Dongyuan Tian, Pei He, Lichun Jiang, Damodar Gaire

Developing crown width model for mixed forests using soil, climate and stand factors

  • Plant Science
  • Ecology
  • Ecology, Evolution, Behavior and Systematics

Abstract The tree crown is a useful measure of tree vigour and is highly relevant to a tree's environmental adaptability. Crown allometry depends on environmental and stand conditions. Several studies have focussed on the effects of climate change and competitive intensity on the crown, but the regulatory role of soil resources and diversity on crown allometry and carbon allocation has been neglected. Data from 20,994 trees in 232 mixed forests collected between 2011 and 2019 were located near four major mountain ranges in northeast China. The proposed crown width model includes the stand developmental stage, soil, climate, competition intensity, species mixture, species diversity, structural diversity and their interactions. We observed that the cross‐species allometric scaling exponent does not conform to the universal scaling law.
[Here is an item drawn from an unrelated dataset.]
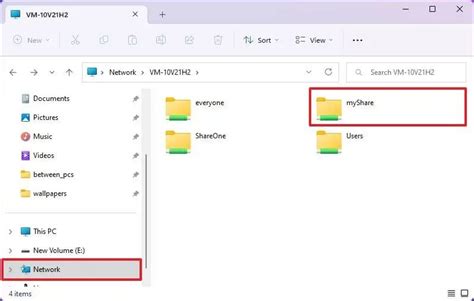 windows 11 share folder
Our results showed that crown width increased with increasing soil bulk density, quadratic mean diameter and coefficient of diameter variation but decreased with increasing de Martonne aridity index, basal area, Simpson index and species mixture. The interaction between quadratic mean diameter and soil bulk density had a significant negative effect on crown width. The influence of a particular factor within the interaction term on crown width was modulated by the gradients of other factors. Furthermore, soil bulk density contributed more to crown width modelling than the aridity index, and structural diversity had a greater effect on crown width than species diversity. Synthesis. Our results provide new insights into the environmental variability of crown allometry in mixed forests under global change, which is critical for improving regional and global estimates of forest biomass and carbon stocks.